Evaluation of event-related potentials in Klinefelter syndrome and idiopathic hypogonadotrophic hypogonadism
Article first published online: 9 MAR 2006
Volume 18, Issue 1, pages 42–46, February 2006
How to Cite
Ulas, U. H., Bolu, E., Unlu-Alanoglu, E., Kutukcu, Y., Ozdag, M. F., Odabasi, Z., Ozata, M., Sanisoglu, S. Y. and Vural, O. (2006), Evaluation of event-related potentials in Klinefelter syndrome and idiopathic hypogonadotrophic hypogonadism.
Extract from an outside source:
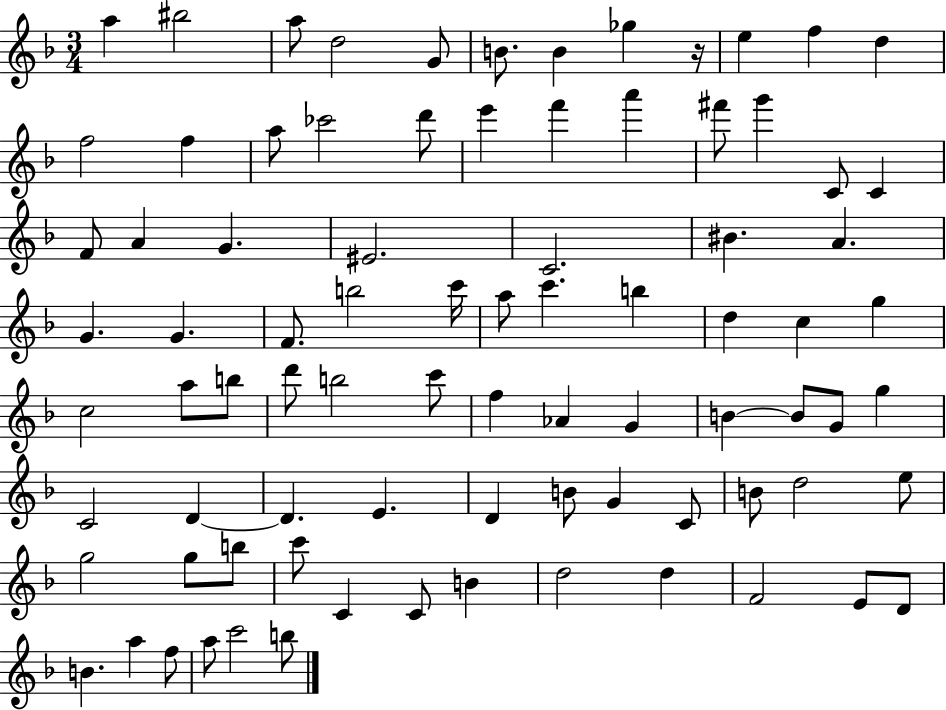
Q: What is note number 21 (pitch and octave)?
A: G6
Acta Neuropsychiatrica, 18: 42–46. doi: 10.1111/j.0924-2708.2006.00126.x
- Issue published online: 9 MAR 2006
- Article first published online: 9 MAR 2006
- event-related potentials;
- idiopathic hypogonadothropic hypogonadotropism;
- Klinefelter syndrome
Background: Many studies have evaluated patients with idiopathic hypogonadothropic hypogonadotropism (IHH), but few of these studies utilize event-related potentials (P300).
Aims: To assess the cognitive functions of hypergonadotropic vs. hypogonadotropic patients.
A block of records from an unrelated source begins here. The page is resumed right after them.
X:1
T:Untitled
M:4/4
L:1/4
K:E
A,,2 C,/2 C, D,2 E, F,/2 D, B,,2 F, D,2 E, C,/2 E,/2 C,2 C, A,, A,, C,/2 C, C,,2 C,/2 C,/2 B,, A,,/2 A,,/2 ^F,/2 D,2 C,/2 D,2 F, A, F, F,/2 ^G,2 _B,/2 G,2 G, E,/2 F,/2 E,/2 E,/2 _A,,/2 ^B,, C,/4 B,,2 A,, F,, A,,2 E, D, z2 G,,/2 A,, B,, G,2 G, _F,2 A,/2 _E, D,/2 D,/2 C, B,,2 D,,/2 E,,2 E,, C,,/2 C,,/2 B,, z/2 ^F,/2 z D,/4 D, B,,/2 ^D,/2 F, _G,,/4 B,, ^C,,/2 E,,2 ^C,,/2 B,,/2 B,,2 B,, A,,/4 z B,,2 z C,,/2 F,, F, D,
Settings and design: The study group consisted of 41 untreated IHH patients, 32 untreated Klinefelter syndrome (KS) patients, and 30 healthy control subjects.
Methods and material: In this study, the latency and amplitude of P300 was evaluated in 41 untreated IHH and 32 untreated KS patients and compared to healthy control subjects (average age: 30 years). Also evaluated were the patients' hormone levels.
Results and conclusions: In this study, the amplitude of P300 was found to be reduced, and the latency prolonged in IHH patients in comparison to KS patients and control subjects. In KS patients, there was no difference in latency of P300, but the amplitude was reduced when compared with the control group. Cognitive dysfunction in patients with hypogonadotropism is related to androgen hormone levels. This deficiency can affect development of the central nervous system (CNS), causing defects of CNS to varying degrees during the perinatal period. Androgen deficiency is considered to exert its effects during the period of cognitive ability development, manifest in IHH patients but not KS patients.